あの特殊眼で石像と成れば命が終わるのは明白。そしてそれを破れる彼女が水牢に閉じ込められた時点で勝算を失った。
「皇女サマに石化の言霊切られたのは謎なんだけど、まーいいや…皇女だから切れたんでしょ知らないけど」
頭の狂った彼女でもやはり先程の事は未だ気に掛かる様だ。
メレアは知らない実相だが蛇の特殊眼から逃れた人間は今まで居ない。
火国最強のワドゥーすら響かせたら倒せる可能性はある。尤もそう上手く行かないので火国最強なのだが。
「続き、やる? ハンデとして眼は使わないであげるよ。三対一だしね。ひ、ひひひ…」
そして敵が三人に増えた事で愈として逃げる事も厳しくなって来る。
幾ら加わったのが格下二塔とは言え、三人同時に相手して勝つ見込みは無い。
これより水牢を蹴破ってアズサを抱いて先も分からぬ闇夜の森を抜ける、不可能だ。
「おねーさんには二つの選択肢がありまーす。一つはボク達に嬲られながらみっともなく命乞いする事。

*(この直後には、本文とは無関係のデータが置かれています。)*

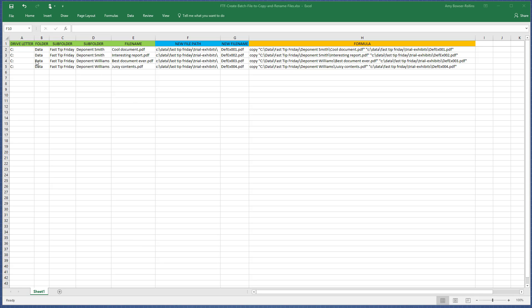You can see that there's a bunch of subfolders here — Deponent Smith, Deponent Williams — with various documents in each folder. This is how they look right now.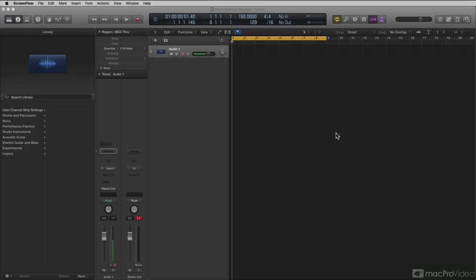When Apple introduced Logic 10, they introduced a really cool new feature called Drummer Tracks. Drummer Tracks were a unique track type never before seen in Logic or any other DAW.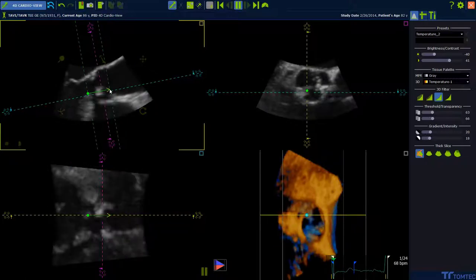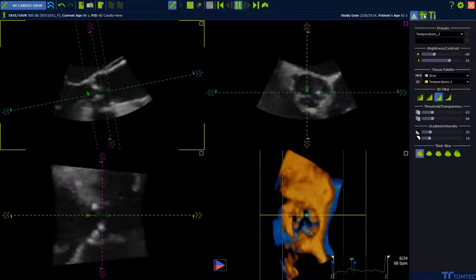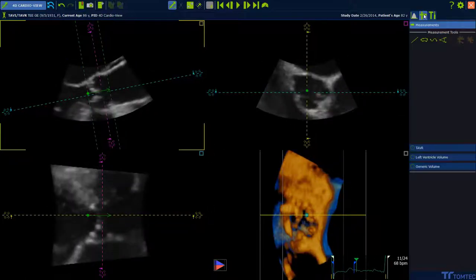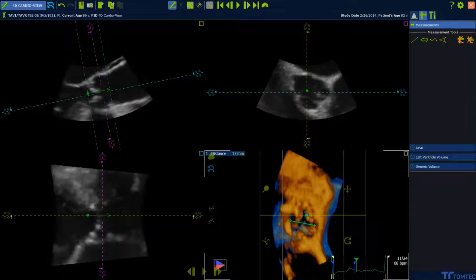You can also measure. Simply click on the measurement tab and select a measurement. Use the left mouse button to set the measurement. The measurement will be displayed in the left upper corner.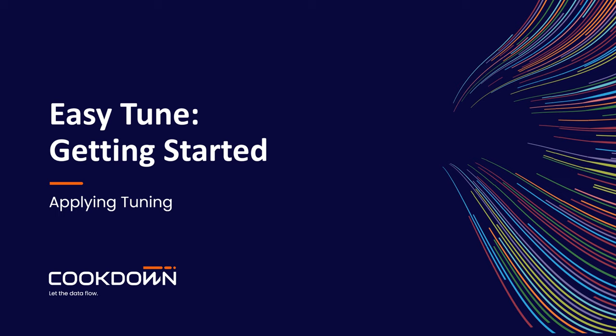Hello and thank you for watching this video. We're going to continue our EasyTune Getting Started series by looking at how you actually apply tuning.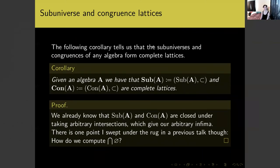As a corollary, the sub-universes and congruences of any algebra form complete lattices under their usual ordering by containment. We already know that the sub-universes and congruences of an algebra are closed under taking arbitrary intersections, which give our arbitrary infima, so we're basically done by the previous result.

もう一つは勇敢にも戦って名も無きよく分からなかった魔法使い三塔として此の地面に埋まる事」
メレアは歯痒さに唇を噛み締める。
三対一と自ら言う以上、蛇の魔法使いにフェアな矜持は無い。
頭の中では幾つものシュミレートを繰り広げていた。が、全て詰みだ。
そうして、苦々しくも一つの返事を導き出す。
彼女は『蛇の魔法使い』に告げた。疲れ果てたその表情は、もう何もかも諦めていた。
「死なない程度で、よろしく頼む…」
良い答えに022隊の狂気三匹が同時に嗤う。
気色の悪い笑みは残虐の印。
図らずとも巡り合わせた二度目の狂乱の宴に皆して歓喜する。